On the cell communication side of things, lead appears to interfere with a bunch of the neurotransmitters and neurotransmitter receptors in our brains. One of the systems that keeps popping up in exposure experiments is the dopamine system. It controls reward and impulse behavior, a big factor in aggression. Another is the glutamate system, responsible in part for learning and memory.

On the brain development side of things, lead interferes with, among other things, the process of synaptic pruning. Nerve cells grow and connect, sometimes forming 40,000 new junctions per second, until a baby reaches about two years of age. After that, the brain begins to prune back the myriad connections, called synapses, to make them more efficient. Lead disrupts this cleanup effort, leaving behind excess, poorly functioning nerve cells.

“If you have a brain that’s miswired, especially in areas involved in what psychologists call the executive functions—judgment, impulse control, anticipation of consequences—of course you might display aggressive behavior,” says Kim N. Dietrich, director of epidemiology and biostatistics at the University of Cincinnati College of Medicine.

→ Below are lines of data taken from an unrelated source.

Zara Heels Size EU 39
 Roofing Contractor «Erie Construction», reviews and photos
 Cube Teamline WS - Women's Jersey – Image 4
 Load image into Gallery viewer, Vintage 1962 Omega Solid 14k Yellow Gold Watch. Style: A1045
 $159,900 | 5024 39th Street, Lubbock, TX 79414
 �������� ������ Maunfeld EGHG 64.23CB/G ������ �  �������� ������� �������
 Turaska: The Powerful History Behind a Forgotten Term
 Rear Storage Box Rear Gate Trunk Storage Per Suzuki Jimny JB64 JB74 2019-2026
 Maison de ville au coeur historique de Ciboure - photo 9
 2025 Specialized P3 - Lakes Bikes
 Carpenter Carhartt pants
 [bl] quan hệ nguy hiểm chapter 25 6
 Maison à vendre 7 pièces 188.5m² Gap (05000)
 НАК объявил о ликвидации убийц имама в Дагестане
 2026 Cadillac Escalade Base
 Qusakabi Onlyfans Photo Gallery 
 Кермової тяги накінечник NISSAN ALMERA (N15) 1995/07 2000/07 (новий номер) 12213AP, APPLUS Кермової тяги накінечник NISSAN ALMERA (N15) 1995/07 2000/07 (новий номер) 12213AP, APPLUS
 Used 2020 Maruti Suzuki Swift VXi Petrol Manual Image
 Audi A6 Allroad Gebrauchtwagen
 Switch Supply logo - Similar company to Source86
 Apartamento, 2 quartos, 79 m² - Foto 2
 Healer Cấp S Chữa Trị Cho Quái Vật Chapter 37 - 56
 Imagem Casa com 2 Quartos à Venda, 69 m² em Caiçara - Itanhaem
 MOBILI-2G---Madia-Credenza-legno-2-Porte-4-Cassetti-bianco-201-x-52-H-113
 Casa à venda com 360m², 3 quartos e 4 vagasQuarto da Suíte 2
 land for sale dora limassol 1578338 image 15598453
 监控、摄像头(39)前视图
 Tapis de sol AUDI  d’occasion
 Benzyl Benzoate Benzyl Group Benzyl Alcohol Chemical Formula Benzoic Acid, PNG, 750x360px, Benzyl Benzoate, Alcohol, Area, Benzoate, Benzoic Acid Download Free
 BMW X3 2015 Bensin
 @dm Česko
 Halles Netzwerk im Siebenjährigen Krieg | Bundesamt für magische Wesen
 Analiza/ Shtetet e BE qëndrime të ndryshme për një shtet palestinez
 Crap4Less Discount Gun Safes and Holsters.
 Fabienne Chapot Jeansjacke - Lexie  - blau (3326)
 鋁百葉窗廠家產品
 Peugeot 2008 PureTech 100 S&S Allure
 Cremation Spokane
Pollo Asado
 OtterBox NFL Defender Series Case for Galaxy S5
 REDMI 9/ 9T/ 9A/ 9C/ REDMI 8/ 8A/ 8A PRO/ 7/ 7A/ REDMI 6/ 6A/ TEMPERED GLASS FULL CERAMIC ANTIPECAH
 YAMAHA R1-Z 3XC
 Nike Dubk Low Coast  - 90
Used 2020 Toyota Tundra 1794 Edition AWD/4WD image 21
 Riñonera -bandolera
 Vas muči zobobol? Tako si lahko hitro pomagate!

The relatively low correlation between lots of babies and antisocial behavior roughly two decades hence suggests that another factor, perhaps the hollowing out of the middle class, has had some impact in increasing crime. Improved policing, reduction in cocaine use, abortion legalization, and lowering of atmospheric lead density all have reduced street crime.

It's unlikely, however, that many would-be offenders have been deterred by the thought of armored weapons and police in military uniforms.  Though one is tempted to go juvenile and say Michael Medved is now the one who is high on cocaine or whatever, that would be an unfair and inaccurate assessment of someone who is merely a GOP activist masquerading as a talk show host.